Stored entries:
********

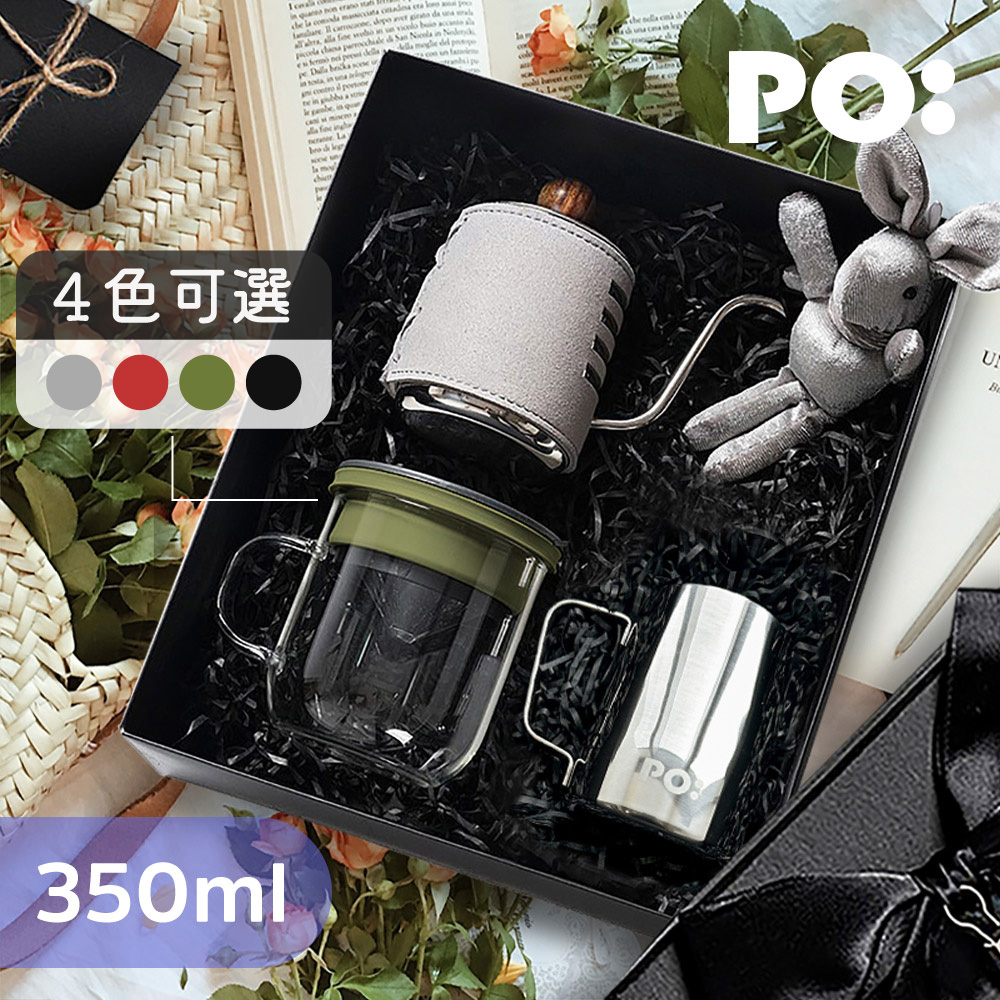 【PO:Selected】丹麥手沖咖啡三件禮盒組(手沖壺-灰/玻璃杯350ml-共4色/拉花杯-銀)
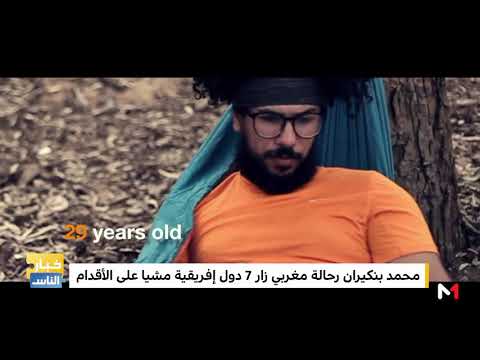 قضايا الناس محمد بنكيران رحالة مغربي زار 7 دول إفريقية مشيا على الأقدام 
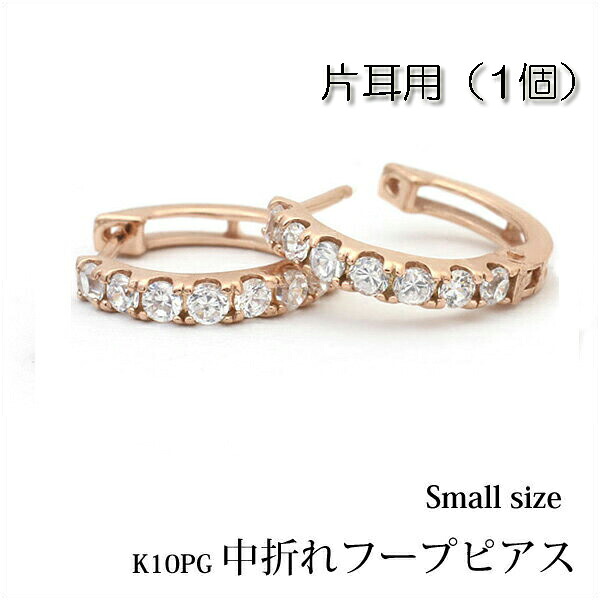 【片耳用】K10ピンクゴールド 中折れ フープピアス エタニティ タイプ ラウンド 約12mm/『small』 0.5ペア/半ペア/K10PG/10金/ピンク/ゴールド/キュービックジルコニア/プレゼント/地金/楽ギフ_包装｜HAPPY STATION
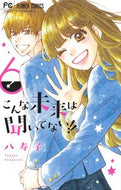 #八寿子 #こんな未来は聞いてない！！６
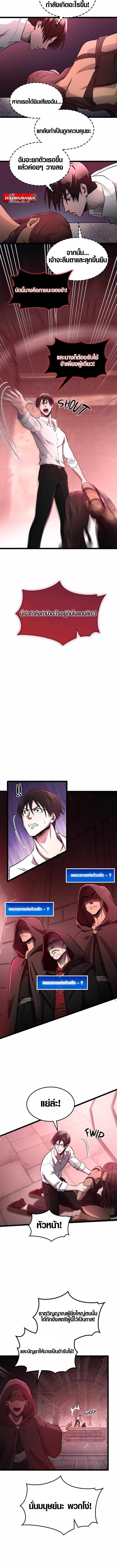Rise of the Devourer - หน้า 5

********

ASSIGNMENT: Copy out every entry above exactly. Leave the pictures out.

SOLUTION BELOW:
 【PO:Selected】丹麥手沖咖啡三件禮盒組(手沖壺-灰/玻璃杯350ml-共4色/拉花杯-銀)
 قضايا الناس محمد بنكيران رحالة مغربي زار 7 دول إفريقية مشيا على الأقدام 
 【片耳用】K10ピンクゴールド 中折れ フープピアス エタニティ タイプ ラウンド 約12mm/『small』 0.5ペア/半ペア/K10PG/10金/ピンク/ゴールド/キュービックジルコニア/プレゼント/地金/楽ギフ_包装｜HAPPY STATION
 #八寿子 #こんな未来は聞いてない！！６
Rise of the Devourer - หน้า 5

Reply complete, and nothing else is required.